Black Homeownership Continues To Fall After COVID-19 Pandemic Upended US Housing Market

Black Homeownership Continues To Fall After COVID-19 Pandemic Upended US Housing Market


Black homeownership in the U.S. continues to fall due to the COVID-19 pandemic upending the housing market.

Interest rates on home loans are now at 7%. The Pennsylvania Capital Star reports that the Black homeownership rate was 49.7% in 2004 but fell to 40.6% in 2019. In 2022, 74.6% of white Americans owned a home compared to 45.3% of Black Americans. The figures have left housing advocates shocked that decades after the 1968 Fair Housing Act, Black families are still struggling to become homeowners at the same rate as whites.

Janneke Ratcliffe, vice president of the Housing Finance Policy Center at the Urban Institute in Washington, D.C., told the Pennsylvania Capital Star:

“To see the Black homeownership rate lower than the generation before is shocking, considering what earlier generations faced.”

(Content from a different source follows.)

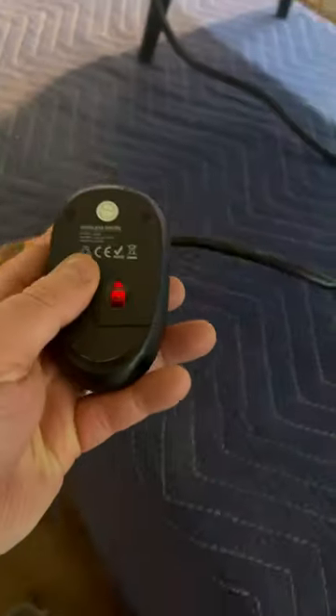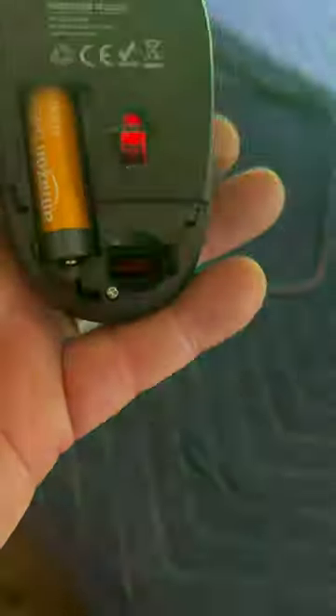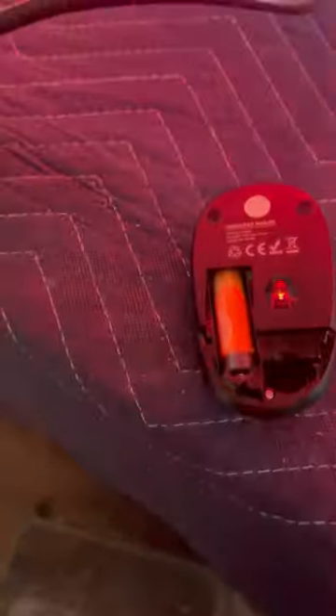There's a compartment here on the back of the mouse — basically just slide that open, and there's a little bitty rectangular opening. This USB thing will be inside the mouse here when I send it, just to keep it nice and safe.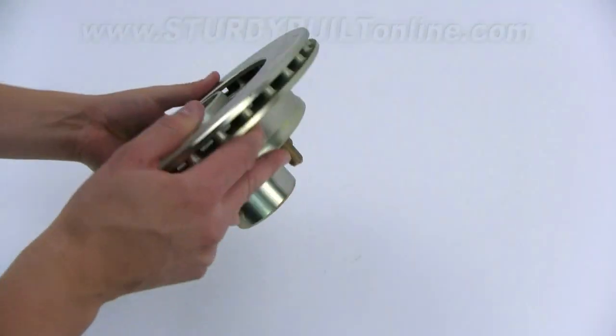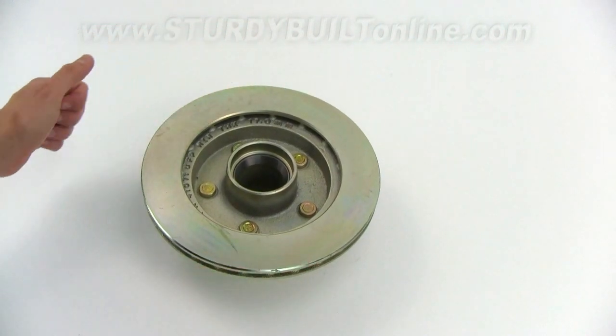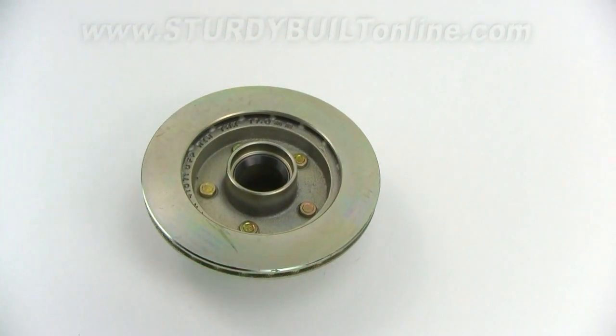It's zinc plated. It uses a vented rotor. It only fits UFP brakes. This is UFP's part number 41071.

Factors like redlining, the Great Recession, gentrification—which has exploded in the last decade—and housing trends during the COVID-19 pandemic have contributed to the growing disparity between Blacks and white homeownership. The difference today is larger than it was in the early 1960s when the Fair Housing Act and other civil rights legislation were prompted.

One of the reasons Black homeownership has not risen is due to the illegal practice of redlining is still a common occurrence. According to the Star, last month, Lakeland Bank, based in New Jersey, created a $12 million homeownership fund as part of a settlement with the Justice Department, which accused the bank of redlining. The Justice Department has negotiated similar settlements with lenders in Houston, Memphis, and Philadelphia.

Several initiatives have been announced to increase the number of Black homeowners, but many are in the infant stages, and their progress cannot be measured yet.

JPMorgan Chase and Bank of America have implemented programs to boost homeownership for Black Americans, and earlier this month, Washington D.C. Mayor Muriel Bowser announced a plan to help 20,000 Black homeowners by 2030 through a $10 million fund to make homes more affordable to Black families and to help Black homeowners transfer property to their children.

“We know if we can close that gap we can increase Black wealth in our city,” Bowser said during an Oct. 3 press conference.

“We know that that is the way to pass down generational wealth.”

In addition to homeownership becoming harder, rent, especially during the pandemic, has skyrocketed across the country. Even rent for mobile homes has increased.